Stored records:
*** Block opens ***
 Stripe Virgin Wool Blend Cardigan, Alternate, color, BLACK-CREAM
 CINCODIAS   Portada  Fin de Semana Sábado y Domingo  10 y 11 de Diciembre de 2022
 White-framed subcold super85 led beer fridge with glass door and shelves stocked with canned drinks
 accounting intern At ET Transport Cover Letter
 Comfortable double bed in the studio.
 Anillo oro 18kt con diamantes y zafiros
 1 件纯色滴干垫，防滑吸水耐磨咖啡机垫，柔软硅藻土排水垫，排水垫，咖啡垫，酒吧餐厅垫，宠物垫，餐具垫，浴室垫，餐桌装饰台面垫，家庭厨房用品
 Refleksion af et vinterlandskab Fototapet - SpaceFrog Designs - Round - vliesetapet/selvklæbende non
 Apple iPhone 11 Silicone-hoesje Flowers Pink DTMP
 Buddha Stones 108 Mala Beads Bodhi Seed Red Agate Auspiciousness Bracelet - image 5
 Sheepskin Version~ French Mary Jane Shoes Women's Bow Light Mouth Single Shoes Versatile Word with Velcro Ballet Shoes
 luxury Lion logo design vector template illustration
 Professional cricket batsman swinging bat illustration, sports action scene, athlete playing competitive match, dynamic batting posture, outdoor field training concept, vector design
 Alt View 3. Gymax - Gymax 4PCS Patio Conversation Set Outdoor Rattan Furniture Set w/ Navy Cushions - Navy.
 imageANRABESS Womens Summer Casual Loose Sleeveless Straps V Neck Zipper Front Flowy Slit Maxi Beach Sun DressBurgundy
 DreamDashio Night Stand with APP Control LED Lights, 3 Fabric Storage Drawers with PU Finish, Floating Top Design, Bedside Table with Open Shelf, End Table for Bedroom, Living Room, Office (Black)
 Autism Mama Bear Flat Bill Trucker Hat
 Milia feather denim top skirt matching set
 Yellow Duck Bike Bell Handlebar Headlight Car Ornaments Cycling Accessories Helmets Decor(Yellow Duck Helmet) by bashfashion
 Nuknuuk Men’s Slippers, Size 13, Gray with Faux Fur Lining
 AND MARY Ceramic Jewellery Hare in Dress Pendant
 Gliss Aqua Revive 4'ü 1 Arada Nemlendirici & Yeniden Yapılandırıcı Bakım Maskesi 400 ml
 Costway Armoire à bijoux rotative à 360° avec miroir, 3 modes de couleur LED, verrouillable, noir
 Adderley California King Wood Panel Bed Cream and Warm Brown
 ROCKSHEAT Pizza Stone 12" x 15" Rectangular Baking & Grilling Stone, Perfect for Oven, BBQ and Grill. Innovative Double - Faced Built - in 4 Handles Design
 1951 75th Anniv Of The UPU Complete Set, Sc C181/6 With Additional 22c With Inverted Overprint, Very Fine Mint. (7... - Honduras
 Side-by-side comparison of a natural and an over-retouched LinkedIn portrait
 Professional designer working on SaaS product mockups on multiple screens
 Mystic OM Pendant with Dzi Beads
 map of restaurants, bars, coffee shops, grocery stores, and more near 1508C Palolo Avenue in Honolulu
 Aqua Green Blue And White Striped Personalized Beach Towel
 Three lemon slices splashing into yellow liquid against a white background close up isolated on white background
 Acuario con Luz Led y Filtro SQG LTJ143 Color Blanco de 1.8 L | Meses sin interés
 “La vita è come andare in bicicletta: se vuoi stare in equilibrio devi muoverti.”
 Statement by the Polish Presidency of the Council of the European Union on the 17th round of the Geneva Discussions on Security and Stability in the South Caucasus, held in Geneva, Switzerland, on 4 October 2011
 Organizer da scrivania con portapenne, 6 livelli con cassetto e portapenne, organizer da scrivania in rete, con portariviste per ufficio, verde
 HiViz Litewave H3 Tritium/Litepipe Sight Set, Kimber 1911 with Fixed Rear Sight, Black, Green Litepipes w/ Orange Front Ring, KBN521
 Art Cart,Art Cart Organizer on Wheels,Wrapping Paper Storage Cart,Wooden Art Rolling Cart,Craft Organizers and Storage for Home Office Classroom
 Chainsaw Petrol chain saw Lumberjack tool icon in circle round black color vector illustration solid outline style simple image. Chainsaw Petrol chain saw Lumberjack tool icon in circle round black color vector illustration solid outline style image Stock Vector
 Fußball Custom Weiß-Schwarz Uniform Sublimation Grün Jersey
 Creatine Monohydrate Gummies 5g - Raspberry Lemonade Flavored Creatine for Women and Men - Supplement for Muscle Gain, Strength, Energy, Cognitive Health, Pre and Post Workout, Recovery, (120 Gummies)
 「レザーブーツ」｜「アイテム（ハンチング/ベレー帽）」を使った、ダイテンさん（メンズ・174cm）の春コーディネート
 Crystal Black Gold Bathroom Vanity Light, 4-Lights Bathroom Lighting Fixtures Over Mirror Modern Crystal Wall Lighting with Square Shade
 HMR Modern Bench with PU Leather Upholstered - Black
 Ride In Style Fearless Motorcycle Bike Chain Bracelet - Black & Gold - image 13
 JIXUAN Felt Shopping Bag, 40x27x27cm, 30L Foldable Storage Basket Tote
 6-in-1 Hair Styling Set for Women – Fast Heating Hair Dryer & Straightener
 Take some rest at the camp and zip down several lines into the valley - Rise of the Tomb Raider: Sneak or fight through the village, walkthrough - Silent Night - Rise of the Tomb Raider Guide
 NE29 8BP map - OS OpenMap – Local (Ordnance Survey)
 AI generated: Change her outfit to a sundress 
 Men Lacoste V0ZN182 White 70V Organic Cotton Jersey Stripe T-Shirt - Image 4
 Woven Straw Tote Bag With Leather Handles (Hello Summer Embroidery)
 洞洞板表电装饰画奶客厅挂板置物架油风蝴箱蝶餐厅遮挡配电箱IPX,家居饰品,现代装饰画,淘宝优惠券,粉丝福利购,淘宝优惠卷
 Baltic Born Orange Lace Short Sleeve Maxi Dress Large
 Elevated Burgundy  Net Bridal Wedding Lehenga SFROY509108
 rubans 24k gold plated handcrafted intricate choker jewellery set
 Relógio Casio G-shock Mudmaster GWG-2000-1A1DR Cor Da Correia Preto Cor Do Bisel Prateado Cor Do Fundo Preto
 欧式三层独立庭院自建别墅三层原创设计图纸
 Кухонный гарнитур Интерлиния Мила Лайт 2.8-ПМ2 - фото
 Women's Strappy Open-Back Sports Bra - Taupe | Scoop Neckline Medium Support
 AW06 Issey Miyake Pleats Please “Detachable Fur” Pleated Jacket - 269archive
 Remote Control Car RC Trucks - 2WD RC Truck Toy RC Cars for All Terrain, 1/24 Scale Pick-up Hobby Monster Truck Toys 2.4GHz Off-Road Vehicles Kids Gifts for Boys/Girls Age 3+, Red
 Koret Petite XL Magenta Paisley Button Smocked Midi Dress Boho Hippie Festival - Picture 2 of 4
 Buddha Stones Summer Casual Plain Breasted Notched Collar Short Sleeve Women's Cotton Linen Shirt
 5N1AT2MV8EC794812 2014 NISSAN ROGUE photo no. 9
*** Block closes ***
Goal of the exercise: All lines in the data above from the one with "Milia feather denim top skirt matching set" through the one with "vita è come" must be repeated exactly, and no others.

Your solution:
 Milia feather denim top skirt matching set
 Yellow Duck Bike Bell Handlebar Headlight Car Ornaments Cycling Accessories Helmets Decor(Yellow Duck Helmet) by bashfashion
 Nuknuuk Men’s Slippers, Size 13, Gray with Faux Fur Lining
 AND MARY Ceramic Jewellery Hare in Dress Pendant
 Gliss Aqua Revive 4'ü 1 Arada Nemlendirici & Yeniden Yapılandırıcı Bakım Maskesi 400 ml
 Costway Armoire à bijoux rotative à 360° avec miroir, 3 modes de couleur LED, verrouillable, noir
 Adderley California King Wood Panel Bed Cream and Warm Brown
 ROCKSHEAT Pizza Stone 12" x 15" Rectangular Baking & Grilling Stone, Perfect for Oven, BBQ and Grill. Innovative Double - Faced Built - in 4 Handles Design
 1951 75th Anniv Of The UPU Complete Set, Sc C181/6 With Additional 22c With Inverted Overprint, Very Fine Mint. (7... - Honduras
 Side-by-side comparison of a natural and an over-retouched LinkedIn portrait
 Professional designer working on SaaS product mockups on multiple screens
 Mystic OM Pendant with Dzi Beads
 map of restaurants, bars, coffee shops, grocery stores, and more near 1508C Palolo Avenue in Honolulu
 Aqua Green Blue And White Striped Personalized Beach Towel
 Three lemon slices splashing into yellow liquid against a white background close up isolated on white background
 Acuario con Luz Led y Filtro SQG LTJ143 Color Blanco de 1.8 L | Meses sin interés
 “La vita è come andare in bicicletta: se vuoi stare in equilibrio devi muoverti.”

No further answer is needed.